Night time tips for toddlers
night time tips for toddlers
There are a few simple tactics that will help your toddler to sleep and avoid any problems in the future. A sleeping routine for your toddler doesn't need to be treated as a military-precise regimen, but can be a positive cornerstone for a healthy lifestyle. A good day is built on a strong foundation of sleep after all!
If your toddler is constantly getting up and calling out for you, it's just their way of delaying the inevitable but can naturally be the source of irritation for parents. Firstly, make one hundred per cent sure that nothing is genuinely wrong and then spend a little time with them to make sure they are comfortable and settled. It has been proven that some adults' anxiety and abandonment issues may have roots from being separated from their parents at an early age so it's important to acknowledge them. Show them that you love them and ensure them that you are close by, but also make it clear that night time is the time for sleep. Educating toddlers about sleep time is as important as the final goal of getting them to sleep on their own.
Tell them how proud you are. On the flip side, it’s best not to acknowledge toddler’s bad behaviour the following day.
Develop a sleep time routine with your toddler. This extends past the actual time itself: make sure that you do the same things every night. These may include things like having a bath, reading them a book or talking about the day. Make sure they've gone to the toilet and brushed their teeth. It's not the time to engage them in videogames, movies, play time or anything else that may stimulate them. Be clear about what is happening. Say goodnight naturally, and put them at ease before you leave the room.
It may take some time to settle on a suitable bed time for toddlers. Because all children and house and family situations are different, you may need to adjust you toddler's sleep time slightly rather than exactly follow the same time as your friend or neighbour's. Get your toddler to slow down and don't let that second wind take hold!
If your child complains of the dark, invest in a night light which will help them initially. Some toddlers will only need to use them for just a few months before you are able to phase them out.
If your child calls out during the night, try your best to ignore them as on many occasions they will be able to settle themselves. The same rule applies with putting toddlers down to sleep in the first place: try your best to make sure their concerns are genuine and only then, should you go to them. If you go at their every whim, they will soon take advantage of it so while difficult, trying to ascertain their concerns is crucial.
Some toddlers will grind their teeth during sleep. This may be loud and concerning, but don't worry too much. If you feel that it is excessive, seek advice from your GP who will be able to help you determine if there is a greater problem - though this is rare.
Sometimes toddlers may be genuinely hungry, although night time eating should be discouraged once they enter their toddler years. There are a number of ways to phase out night time eating. These include shortening feeds for breastfed babies, and then cutting that down to less nights per week. Use this same analogy but apply it to volume for bottle-fed babies. Obviously, they are still growing, so make sure you temper this with their growing daily food requirements.
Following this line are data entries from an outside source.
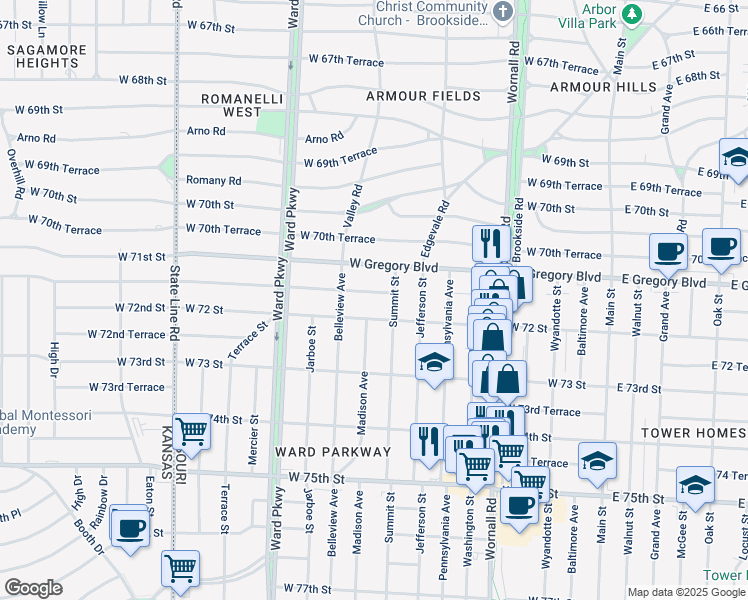 map of restaurants, bars, coffee shops, grocery stores, and more near 805 West 71st Terrace in Kansas City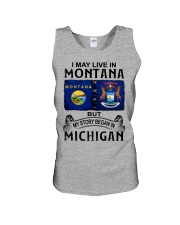 Began In Michigan - May Live In Montana Unisex Tank tile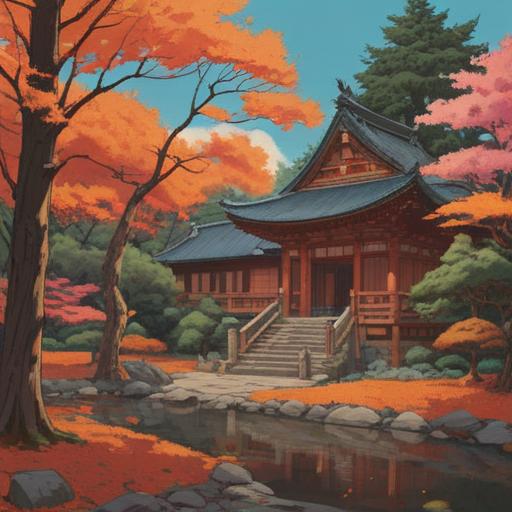 A serene depiction of Izumo Taisha, surrounded by ancient trees, autumn leaves gently falling, representing the spiritual significance of Kanazuki, a gathering place for deities, soft morning light illuminating the shrine, tranquil atmosphere, detailed architecture, rich cultural elements, 4k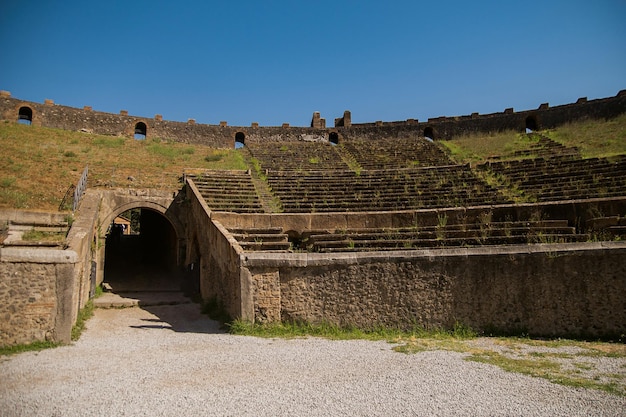 Archaeological park of Pompeii Ancient city The ruins of a Roman amphitheater for 20000 people where gladiatorial fights took place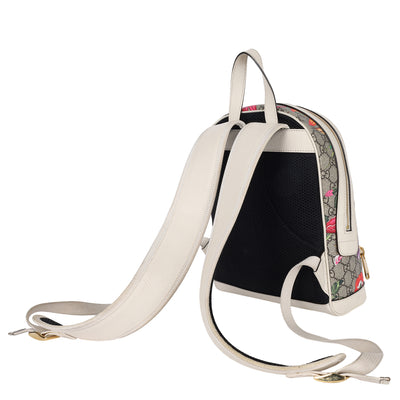GG Supreme Monogram Flora Web Small Ophidia Day Backpack White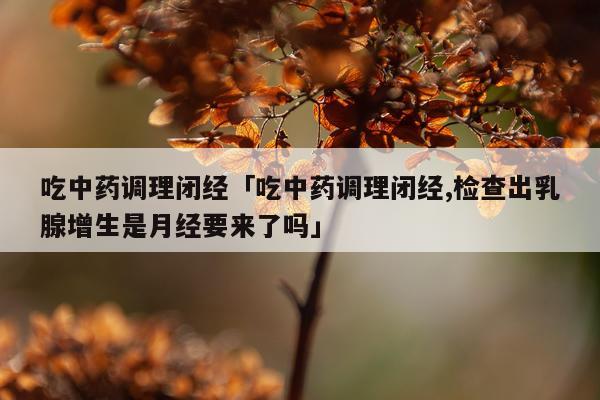 吃中药调理闭经「吃中药调理闭经,检查出乳腺增生是月经要来了吗」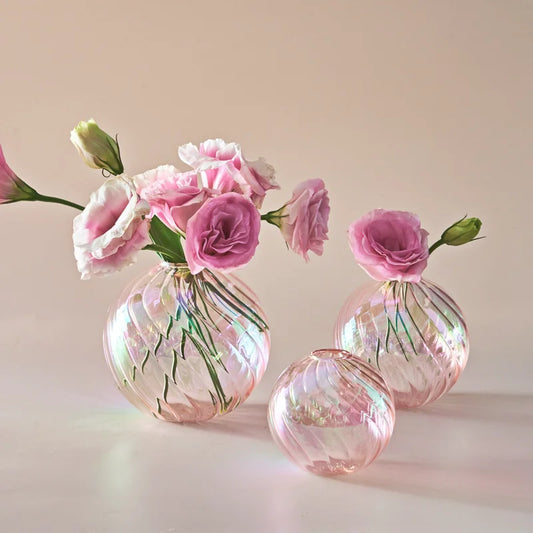 Glaskugel-Vase irisierend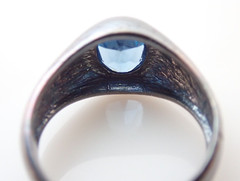 Vintage Hallmark Signed Blue Topaz Bezel Set Sterling Silver Band Ring Sz 9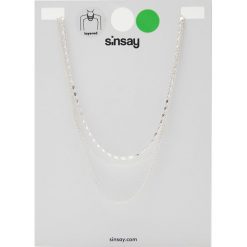 Naszyjnik - Srebrny. Szare naszyjniki damskie Sinsay, srebrne. Za 10,00 zł.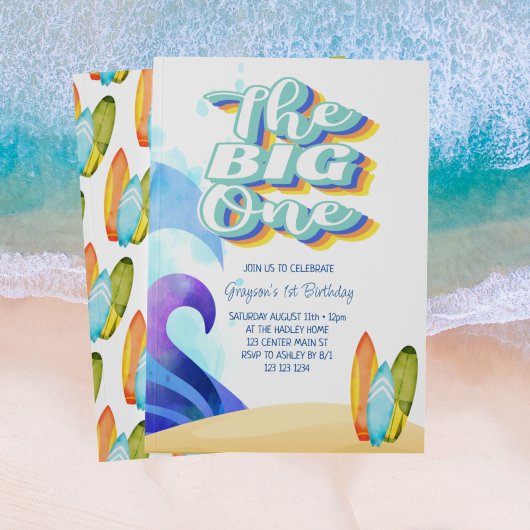 Invitation Big One Surf Beach Anniversaire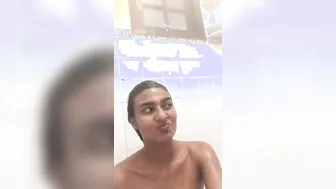 My Slim GF Showering Naked Soaping Her Body Amateur Bath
If they get up help them back to bad with little, or ideally, zero fuss. This may take a number of times, but persist with it and stay calm! Some parents suggest erecting a child gate if the problem gets out of hand, but our experience shows that results and sleeping through the night will come if you stay consistent, positive and calm.
Make sure you lavish your child with praise if they stayed in bed and went to sleep. Tell them how proud you are. On the flip side, it's best not to acknowledge toddler's bad behaviour the following day - it won't help and the focus should be kept on keeping things positive.